Nobody in Liberty would touch [Lee’s] body. For the rest of the morning the dead man’s body lay sprawled in the dirt where it had fallen. Finally, around noon, somebody convinced a black undertaker in nearby McComb to send a hearse out to the Liberty gin.
A coroner’s inquest took place that afternoon where Representative Hurst testified that Lee owed him money and that when he had asked about it, Lee had “come at him with a tire iron.” Lee, he said, “had an ungovernable temper.”

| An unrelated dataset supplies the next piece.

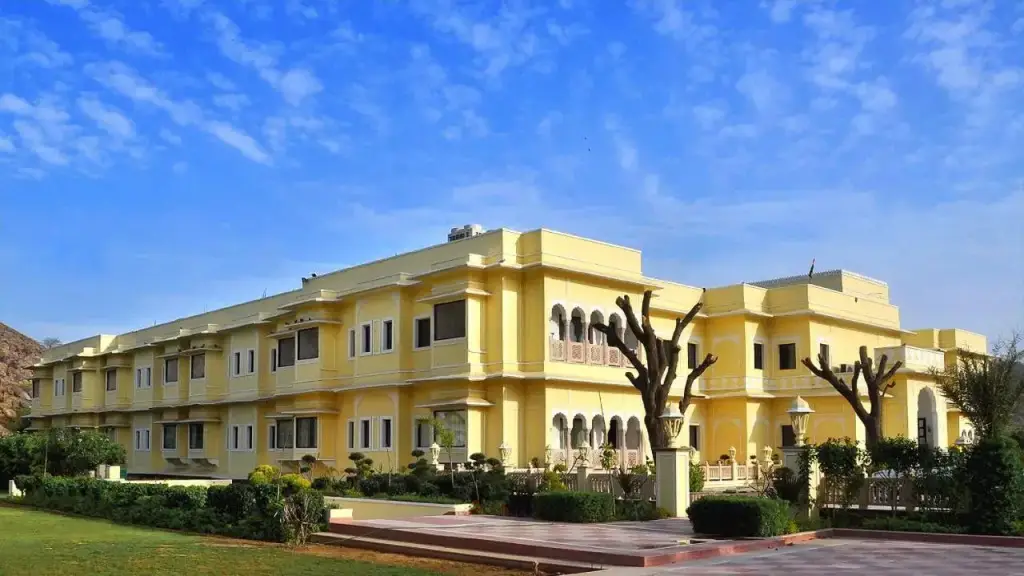 Hotel Raj Bagh Palace — фото 1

Hurst further claimed he had walked around the front of the truck to meet the Negro. “I didn’t run,” he said. “I got no rabbit in me.” Hurst explained the .38 he was holding in his other hand had at that moment “accidentally” discharged. “I must have pulled the trigger unconsciously,” Hurst swore.
While the murder was ruled a “justifiable homicide,” Doar later observed that Hurst “might have been eager to pick a fight with Lee because Lee had observed Hurst skulking around the parking lot outside a voter registration meeting, jotting down license numbers.” Hurst could not have been too upset over the incident, since Mississippi politicians’ reputations were often enhanced if they were known to have killed a black man in “self defense.”

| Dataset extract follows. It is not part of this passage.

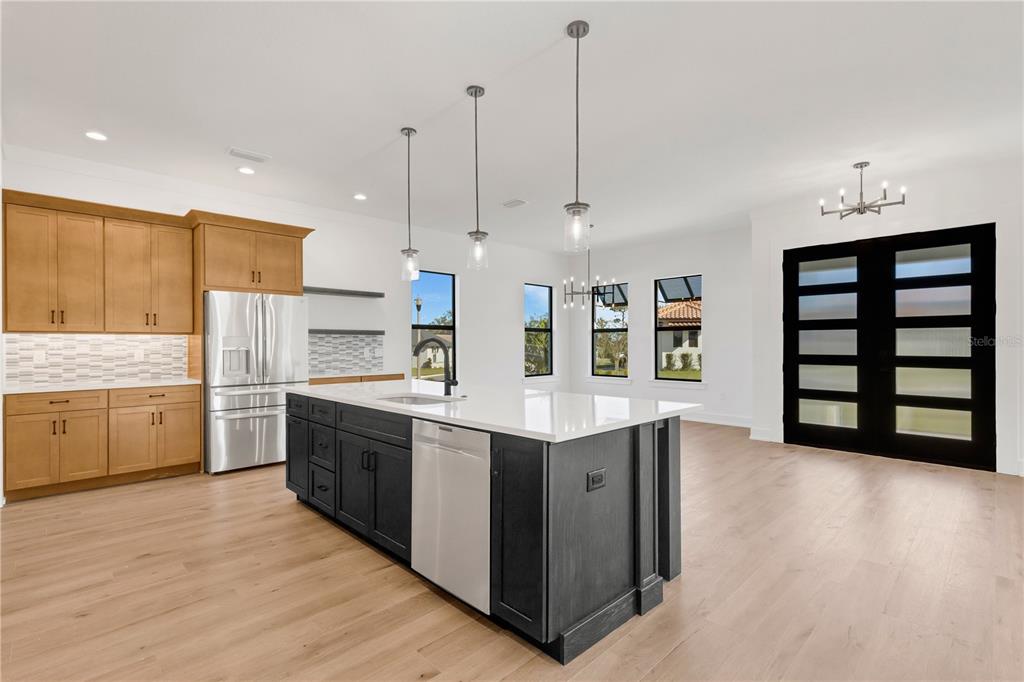 2510 DELPHI WOODS CIR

The night of the murder, Moses returned to Amite County and questioned three black eyewitnesses who testified at the inquest. Two admitted that Sheriff Caston and his deputies coerced them into lying about the tire iron. Lee, only 5 feet, 4 inches, weighed about 150 pounds and had not lifted an arm in self-defense against Hurst, 6-2 and 200 pounds.
“Your sense of isolation was complete,” Moses would later recall. “It was very clear you were absolutely on your own when there was not even the possibility of a federal investigation.”
No charges were ever brought against Hurst. One witness to the Lee murder, Lewis Allen, later admitted he lied to protect himself and his family, but he was killed – riddled with buckshot, in his driveway three years later, after reporting that he had been harassed by local police officials several times since the Lee killing.
Local authorities said they had “no clues” in the Allen killing. Allen had been a Freedom Rider and was involved in the civil rights movement. On the day he was killed, April 7, 1964, in Liberty, he was making final arrangements to move north.